- **Exercise instructions**
May I have, exactly as written, the line containing "Schwebetürenschrank Saturn in" and every line after it through the end of the listing below, and nothing else?

- **Dataset content**

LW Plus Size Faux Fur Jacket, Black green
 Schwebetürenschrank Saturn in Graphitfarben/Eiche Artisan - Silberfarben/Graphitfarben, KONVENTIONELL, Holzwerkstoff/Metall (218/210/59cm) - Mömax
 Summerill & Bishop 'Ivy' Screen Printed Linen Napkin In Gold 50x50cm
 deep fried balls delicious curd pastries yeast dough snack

- **Result of the exercise**
 Schwebetürenschrank Saturn in Graphitfarben/Eiche Artisan - Silberfarben/Graphitfarben, KONVENTIONELL, Holzwerkstoff/Metall (218/210/59cm) - Mömax
 Summerill & Bishop 'Ivy' Screen Printed Linen Napkin In Gold 50x50cm
 deep fried balls delicious curd pastries yeast dough snack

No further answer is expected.